11 October 2007

Founding fathers on revolution against the Constitutionally created government.

I see loads of rubbish about how the Second Amendment allegedly means that "the people" have a right to rebel against the Constitutionally created government.

Usually this neglects Article 3, Section 3: Treason against the United States, shall consist only in levying war against them, or in adhering to their enemies, giving them aid and comfort.

Quick question how does the Second Amendment negate Article 3, Section 3 and allow for citizens to wage war against the US government?

Of course, people who buy into the RKBA myth usually neglect logic such as that.

Anyway, here are some quotes from the founders about rebelling against an elected government.

"Rebellion against a king may be pardoned or lightly punished, but the man who dares to rebel against the laws of a republic ought to suffer death." Samuel Adams about Shay's Rebellion

"I would infinitely prefer a limited monarchy, for I would sooner be the subject of the caprice of one man than the ignorance of the multitude." Noah Webster

"I am mortified beyond expression when I view the clouds that have spread over the brightest morn that ever dawned in any country... What a triumph for the advocates of despotism, to find that we are incapable of governing ourselves and that systems founded on the basis of equal liberty are merely ideal and fallacious." General George Washington about Shay's Rebellion.

James Madison once described democracy as the “most vile form of government”. In Federalist Paper No. 10, he had the following to say about democracy:

“A common passion or interest will, in almost every case, be felt by a majority of the whole; a communication and concert result from the form of government itself; and there is nothing to check the inducements to sacrifice the weaker party or an obnoxious individual. Hence it is that such democracies have ever been spectacles of turbulence and contention; have ever been found incompatible with personal security or the rights of property; and have in general been as short in their lives as they have been violent in their deaths.”

Alexander Hamilton, in a June 1788 speech urging his fellow New Yorkers to ratify the Constitution: “It has been observed that a pure democracy if it were practicable would be the most perfect government.
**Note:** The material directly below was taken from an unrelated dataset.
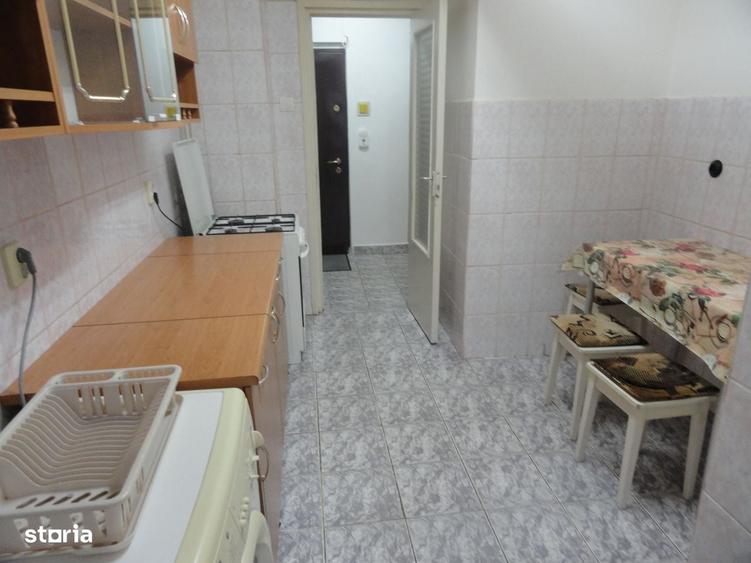 Apartament cu 4 camere în Central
Experience has proved that no position is more false than this. The ancient democracies in which the people themselves deliberated never possessed one good feature of government. Their very character was tyranny; their figure deformity.”

Samuel Chase, a signer of the declaration of independence and U.S. Supreme Court Justice, delivered a charge to a Baltimore grand jury in which he blasted Congress and the Jefferson administration for repealing the Judiciary Act of 1801 which unseated federal circuit court judges on 2 May 1803. He also lashed out at the Maryland legislature for eliminating property qualifications for the franchise and for interfering with the operation of Maryland's courts. Chase railed that America was risking a descent into "mobocracy," This led to his impeachment

Of course, you probably believe that the US is a democracy if you believe the Second Amendment allows you the right to wage war upon the US government.